Ainsi, il ressort tant du procès-verbal d’audition que des développements contenus dans la requête introductive d’instance que la demanderesse fait essentiellement état de sa crainte d’être persécutée par les musulmans respectivement d’être victime de violences interethniques, ces problèmes se situant dans le cadre plus général des affrontements existant entre les communautés chrétienne et musulmane, respectivement entre certaines communautés ethniques du Nigeria.
Or, en faisant état de sa crainte d’actes de persécution provenant de membres de la communauté musulmane respectivement d’autres ethnies de son pays, la demanderesse se prévaut d’actes de persécution émanant non pas des autorités publiques, mais de personnes privées. S’agissant ainsi d’actes émanant de certains éléments de la population, une persécution commise par des tiers peut être considérée comme fondant une crainte légitime de persécution au sens de la Convention de Genève uniquement en cas de défaut de protection de la part des autorités publiques pour l’un des motifs énoncés par ladite Convention et dont l’existence doit être mise suffisamment en évidence par le demandeur d’asile. En outre, la notion de protection de la part du pays d’origine de ses habitants contre des agissements de groupes de la population n’implique pas une sécurité physique absolue des habitants contre la commission de tout acte de violence, et une persécution ne saurait être admise dès la commission matérielle d’un acte criminel (cf. Jean-Yves Carlier : Qu’est-ce qu’un réfugié ?, Bruylant, 1998, p. 113, nos 73-s). Pareillement, ce n’est pas la motivation d’un acte criminel qui est déterminante pour ériger une persécution commise par un tiers en un motif d’octroi du statut de réfugié, mais l’élément déterminant à cet égard réside dans l’encouragement ou la tolérance par les autorités en place, voire l’incapacité de celles-ci d’offrir une protection appropriée.
En l’espèce, la demanderesse reste en défaut de démontrer concrètement que les autorités nigérianes ne soient ni disposées ni capables de lui assurer un niveau de protection suffisant, étant relevé qu’elle ne s’est à aucun moment adressée aux autorités en place.
Par ailleurs, il n’appert pas des éléments d’appréciation soumis au tribunal qu’une possibilité de fuite interne lui aurait été impossible, pareille possibilité de trouver refuge dans une autre partie de son pays d’origine paraissant tout à fait possible, étant entendu que la Convention de Genève vise le pays d’origine ou de nationalité d’un demandeur d’asile sans restriction territoriale et que le défaut d’établir des raisons suffisantes pour lesquelles un demandeur d’asile ne serait pas en mesure de s’installer dans une autre région de son pays d’origine et de profiter ainsi d’une possibilité de fuite interne doit être pris en compte pour refuser la reconnaissance du statut de réfugié (cf. trib. adm 10 janvier 2001, n° 12240 du rôle, Pas. adm. 2005, V° Etrangers, n° 62 et autres références y citées).

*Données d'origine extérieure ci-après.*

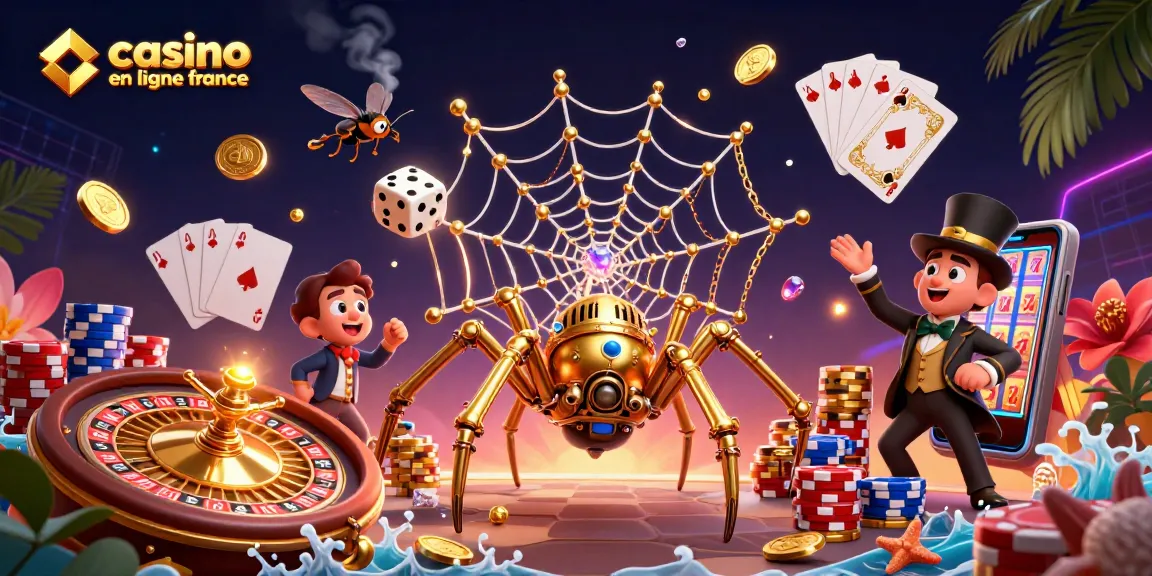 Découvrez un casino en ligne France avec une illustration en 3D d'une araignée en laiton attrapant des dés chanceux.
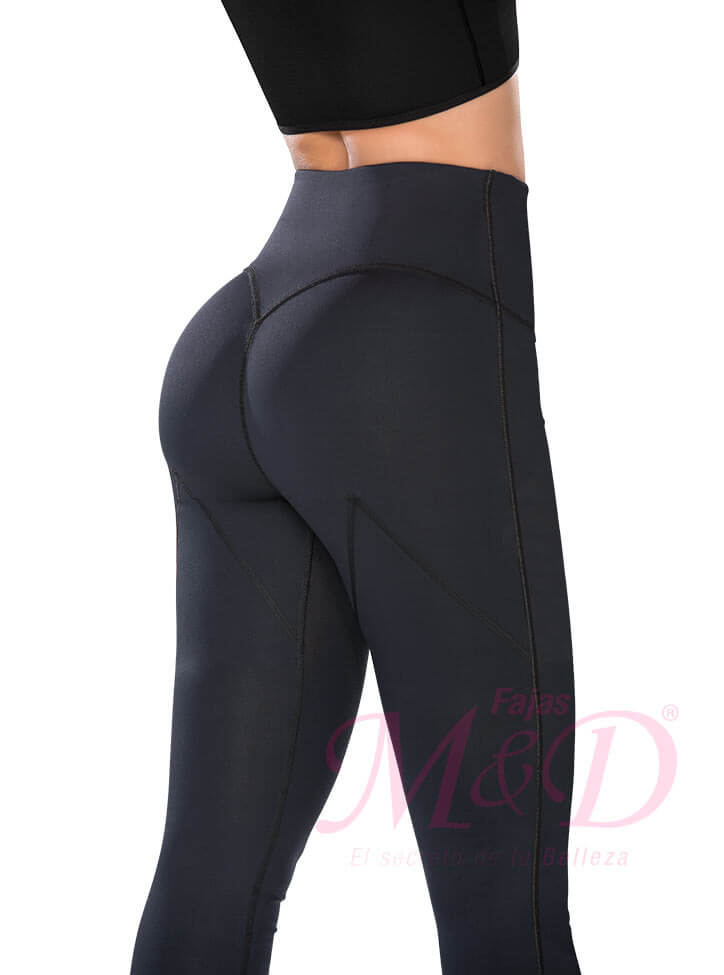 Leggings deportivo con control de abdomen bajo con líneas laterales Ref. L0592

Il suit de ce qui précède que la demanderesse n’a pas fait état d’une persécution ou d’une crainte de persécution au sens de la Convention de Genève susceptible de justifier la reconnaissance du statut de réfugié dans son chef. Partant, le recours en réformation est à rejeter comme étant non fondé.
Par ces motifs, le tribunal administratif, deuxième chambre, statuant à l’égard de toutes les parties ;
reçoit le recours en réformation en la forme ;
au fond, le déclare non justifié et en déboute ;
condamne la demanderesse aux frais.
Ainsi jugé par:
M. Schroeder, premier juge, M. Spielmann, juge, Mme Gillardin, juge, et lu à l’audience publique du 26 juin 2006 par le premier juge, en présence de M. Legille, greffier.